* _EXERCISE DETAILS_: Verbatim output of the lines below is required, with the images omitted.

* _GIVEN MATERIAL_:
== Segment start ==

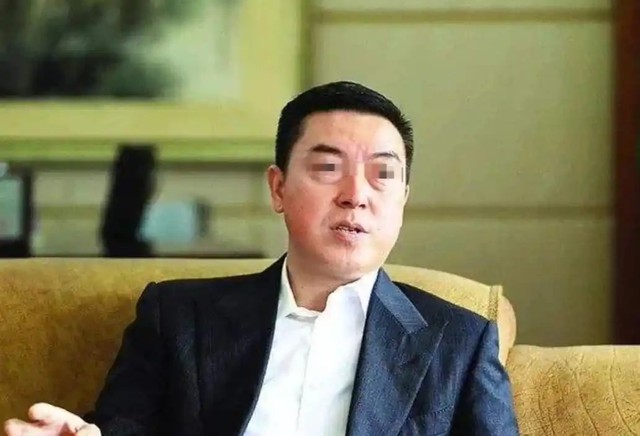 Dùng bảo hiểm nhân thọ vay hơn 237 triệu đồng rồi gửi tiết kiệm kiếm lời, sau 1 năm, người đàn ông được thông báo: “Chúng tôi chưa từng nhận tiền của anh”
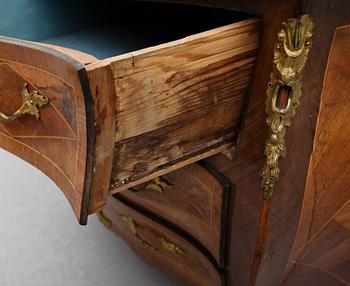 BYRÅ, rokoko, 1700-tal.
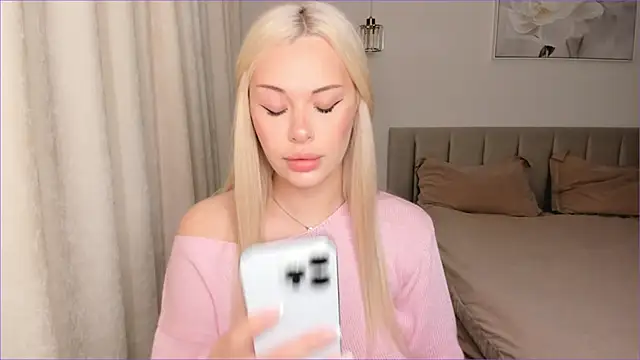 Snapshot of Lina_Flores chatting on 11/01/25, 03:41 Lina Flores online show from 11/01/25, 03:41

== Segment end ==

* _SOLVED EXERCISE_:
 Dùng bảo hiểm nhân thọ vay hơn 237 triệu đồng rồi gửi tiết kiệm kiếm lời, sau 1 năm, người đàn ông được thông báo: “Chúng tôi chưa từng nhận tiền của anh”
 BYRÅ, rokoko, 1700-tal.
 Snapshot of Lina_Flores chatting on 11/01/25, 03:41 Lina Flores online show from 11/01/25, 03:41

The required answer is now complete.